Menurut AJI, pembatasan akses informasi, kontrol sepihak terhadap data, dan pemaksaan narasi resmi kerap dilakukan dengan dalih menjaga ketertiban dan mencegah kepanikan. Namun dalam praktiknya, hal tersebut justru berpotensi mengaburkan realitas di lapangan, mulai dari skala kerusakan, keterlambatan distribusi bantuan, hingga lemahnya mitigasi bencana.
AJI juga menyoroti meningkatnya praktik intimidasi, penghalangan liputan, serta pelabelan “berita negatif” terhadap karya jurnalistik kritis. Kondisi ini, jika dibiarkan, dapat mendorong media menarik atau melemahkan pemberitaan kritis pascabencana sehingga publik kehilangan hak atas informasi yang utuh dan akurat.

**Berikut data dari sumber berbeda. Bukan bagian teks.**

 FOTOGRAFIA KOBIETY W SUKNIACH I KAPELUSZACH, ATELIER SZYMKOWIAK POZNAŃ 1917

Studi yang tengah dijalankan AJI Indonesia menunjukkan tren swasensor di media nasional kian meningkat. “Jika represi terselubung terhadap pers terus berlangsung, kebebasan pers di Indonesia menghadapi ancaman serius dan berisiko mundur ke praktik otoritarianisme,” ujar Sunudyantoro, Ketua Bidang Pendidikan dan Etik AJI Indonesia.
AJI menegaskan bahwa Undang-Undang Pers menjadi fondasi utama dalam menjamin fungsi pers sebagai penyampai informasi, kontrol sosial, dan sarana pendidikan publik, termasuk dalam situasi darurat bencana. Jurnalis bekerja berdasarkan prinsip jurnalistik melalui reportase lapangan, konfirmasi, serta verifikasi berlapis demi memastikan akurasi informasi.
Berdasarkan kondisi tersebut, AJI Indonesia menyampaikan empat tuntutan, yakni:
Kepala Staf TNI AD Jenderal Maruli Simanjuntak dan Sekretaris Kabinet Letkol Teddy Indra Wijaya diminta menarik kembali pernyataannya serta menyampaikan permintaan maaf kepada publik.
Pemerintah diminta membuka akses seluas-luasnya dan memberikan perlindungan keamanan bagi jurnalis dan media dalam meliput bencana di Aceh, Sumatra Utara, dan Sumatra Barat.
Dewan Pers didesak bersikap tegas untuk membela dan melindungi jurnalis serta media dari ancaman dan intimidasi.
Para pemimpin redaksi diminta menjaga independensi ruang redaksi dan tetap berpihak pada kepentingan publik.